- Try it -
All the entries, exactly as they read, must be written out again.

==========

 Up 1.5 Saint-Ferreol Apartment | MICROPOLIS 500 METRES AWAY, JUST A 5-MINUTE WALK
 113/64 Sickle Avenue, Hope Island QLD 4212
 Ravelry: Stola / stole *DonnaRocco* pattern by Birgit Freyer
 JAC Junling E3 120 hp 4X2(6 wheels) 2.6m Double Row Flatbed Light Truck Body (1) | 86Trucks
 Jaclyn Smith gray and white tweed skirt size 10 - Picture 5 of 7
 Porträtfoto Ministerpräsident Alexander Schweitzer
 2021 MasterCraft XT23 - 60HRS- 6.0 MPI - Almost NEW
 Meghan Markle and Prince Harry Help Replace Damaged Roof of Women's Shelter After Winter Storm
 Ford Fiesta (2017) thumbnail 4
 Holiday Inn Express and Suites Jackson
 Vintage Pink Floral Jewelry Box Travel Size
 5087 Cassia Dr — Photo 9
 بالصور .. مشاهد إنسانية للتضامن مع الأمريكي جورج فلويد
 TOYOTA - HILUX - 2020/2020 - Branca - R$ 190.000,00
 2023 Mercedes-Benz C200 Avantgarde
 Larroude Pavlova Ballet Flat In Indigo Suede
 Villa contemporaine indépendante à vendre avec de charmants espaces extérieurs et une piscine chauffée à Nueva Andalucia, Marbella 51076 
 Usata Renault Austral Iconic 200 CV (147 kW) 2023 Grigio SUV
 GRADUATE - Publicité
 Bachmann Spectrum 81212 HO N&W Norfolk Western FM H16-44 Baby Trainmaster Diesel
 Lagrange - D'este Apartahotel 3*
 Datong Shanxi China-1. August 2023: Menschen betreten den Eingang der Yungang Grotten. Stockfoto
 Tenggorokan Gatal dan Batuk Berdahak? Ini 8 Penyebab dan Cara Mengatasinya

==========

- Exercise output -
 Up 1.5 Saint-Ferreol Apartment | MICROPOLIS 500 METRES AWAY, JUST A 5-MINUTE WALK
 113/64 Sickle Avenue, Hope Island QLD 4212
 Ravelry: Stola / stole *DonnaRocco* pattern by Birgit Freyer
 JAC Junling E3 120 hp 4X2(6 wheels) 2.6m Double Row Flatbed Light Truck Body (1) | 86Trucks
 Jaclyn Smith gray and white tweed skirt size 10 - Picture 5 of 7
 Porträtfoto Ministerpräsident Alexander Schweitzer
 2021 MasterCraft XT23 - 60HRS- 6.0 MPI - Almost NEW
 Meghan Markle and Prince Harry Help Replace Damaged Roof of Women's Shelter After Winter Storm
 Ford Fiesta (2017) thumbnail 4
 Holiday Inn Express and Suites Jackson
 Vintage Pink Floral Jewelry Box Travel Size
 5087 Cassia Dr — Photo 9
 بالصور .. مشاهد إنسانية للتضامن مع الأمريكي جورج فلويد
 TOYOTA - HILUX - 2020/2020 - Branca - R$ 190.000,00
 2023 Mercedes-Benz C200 Avantgarde
 Larroude Pavlova Ballet Flat In Indigo Suede
 Villa contemporaine indépendante à vendre avec de charmants espaces extérieurs et une piscine chauffée à Nueva Andalucia, Marbella 51076 
 Usata Renault Austral Iconic 200 CV (147 kW) 2023 Grigio SUV
 GRADUATE - Publicité
 Bachmann Spectrum 81212 HO N&W Norfolk Western FM H16-44 Baby Trainmaster Diesel
 Lagrange - D'este Apartahotel 3*
 Datong Shanxi China-1. August 2023: Menschen betreten den Eingang der Yungang Grotten. Stockfoto
 Tenggorokan Gatal dan Batuk Berdahak? Ini 8 Penyebab dan Cara Mengatasinya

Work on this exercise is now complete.